Improving computational and statistical efficiency of survival model


#1

Hi guys,

I came up with the following Stan model and I was wondering whether you have some advise on how to improve the performance (both computationally and statistically). Note that I will apply the model to cases where N_uncensored+N_censored will be around 500k, NC (number of covariates) around 20 and m at most 10. The matrices basis_evals_censored, basis_evals_uncensored and deriv_basis_evals_uncensored contain the evaluation (and derivative thereof) of the corresponding m i-spline basis function for each of the individuals, at the corresponding survival time of that individual.

Any optimisation for the matrix / vector multiplications, that could lead to performance gains?

Ultimately I would like to reduce runtime.

data {
    int<lower=0> N_uncensored;                                      // number of uncensored data points
    int<lower=0> N_censored;                                        // number of censored data points
    int<lower=1> m;                                                 // number of basis splines
    int<lower=1> NC;                                                // number of covariates
    matrix[N_censored,NC] Q_censored;                               // Q-transf. of design matrix (censored)
    matrix[N_uncensored,NC] Q_uncensored;                           // Q-transf. of design matrix (uncensored)
    matrix[NC, NC] R;
    vector[N_censored] log_times_censored;                          // x=log(t) in the paper (censored)
    vector[N_uncensored] log_times_uncensored;                      // x=log(t) in the paper (uncensored)
    matrix[m,N_censored] basis_evals_censored;                      // ispline basis matrix (censored)
    matrix[m,N_uncensored] basis_evals_uncensored;                  // ispline basis matrix (uncensored)
    matrix[m,N_uncensored] deriv_basis_evals_uncensored;            // derivatives of isplines matrix (uncensored)
}
transformed data {
    matrix[NC,NC] R_inv = inverse(R);
}
parameters {
    row_vector<lower=0>[m] gammas;                                  // regression coefficients for splines
    vector[NC] betas_tr;                                               // regression coefficients for covariates
    real gamma_intercept;                                           // \gamma_0 in the paper
}
transformed parameters {
    vector[NC] betas = R_inv * betas_tr;
}
model {
    vector[N_censored] etas_censored;
    vector[N_uncensored] etas_uncensored;
    gammas ~ normal(0, 1);
    betas ~ normal(0,1);
    gamma_intercept   ~ normal(0,1);
    
    etas_censored = Q_censored*betas_tr + (gammas*basis_evals_censored)' + gamma_intercept;
    etas_uncensored = Q_uncensored*betas_tr + (gammas*basis_evals_uncensored)' + gamma_intercept;
    target += -exp(etas_censored);
    target += etas_uncensored - exp(etas_uncensored) - log_times_uncensored + log(gammas*deriv_basis_evals_uncensored)';
}

QR decomposition with non-negativity constraint
#2

I removed a couple of transpose operations, which where dispensable, see https://github.com/ermeel86/paramaetricsurvivalmodelsinstan/commit/ce95e88f5aa5657d490f82311e46cd0762062090.

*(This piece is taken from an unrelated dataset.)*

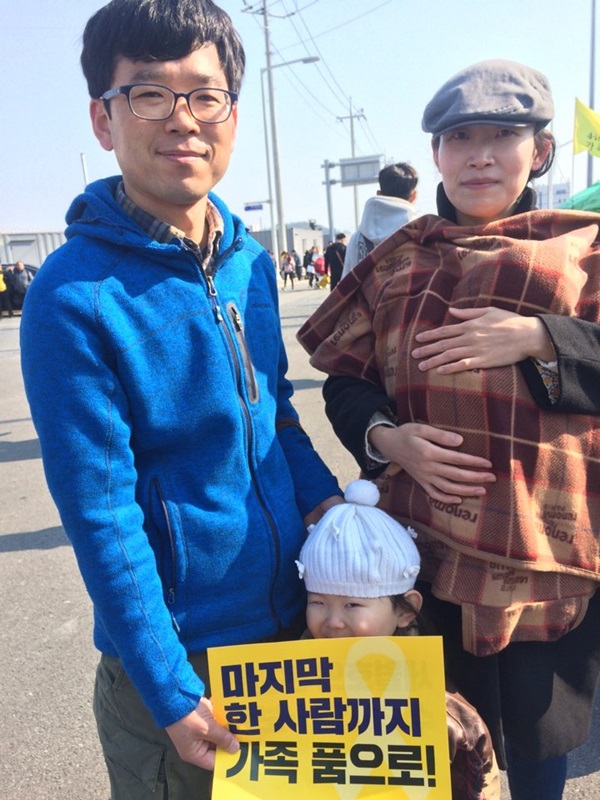 한 가족이 세월호 희생자를 추모하기 위해 목포 신항을 찾았다. 5살짜리 아이가 '마지막 한 사람까지 가족 품으로'란 구호가 적힌 피켓을 들고 있다.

Any optimisation beyond that?


#3

Make sure the columns of X are centered before you do the QR decomposition.


#4

Thanks! What about scaling the columns of X? Not so important as centering?


#5

The scaling of the columns of X is not relevant because the columns of Q are scaled so that each has a sum of squares of 1. That is actually not ideal because betas_tr can get too far from zero. Better to multiply Q by some constant and divide R by that same constant, where the constant could be 1.0 / N or 1 / sqrt(N - 1.0).


#6

Currently I multiply Q by sqrt(N-1) and divide R by sqrt(N-1). I wonder how in this case beta_tr can become too large? Q*beta_tr should be on the scale of the dependent variable, right? Now by multiplying Q with sqrt(N-1), doesn’t this imply that beta_tr could actually become very close to zero rather than large? I would expect the risk of beta_tr to become too large rather be alllicaple in the scenario where you multiply Q by 1/sqrt(N-1) or alike…

Am I missing something?


#7

If you are already scaling Q and applying the reverse scaling to R, then you should be fine. Since originally, Q\prime Q = I, if you construct Q^\ast = Q\sqrt{N - 1}, then the covariance of Q^\ast is the identity matrix. So that is like putting each column of Q^\ast in the units of its standard deviation.


#8

Not an efficiency comment, but a stability one. Remove the inverse from transformed data and replace transformed parameters line with:

vector[NC] betas = R \ betas_tr;

Efficiency wise, it replaces a quadratic operation (matrix-vector multiply) with a cubic one (matrix solving with built-in multiply), but it should be more stable.
If you’re not having arithmtic issues then the way you’re doing it should be fine.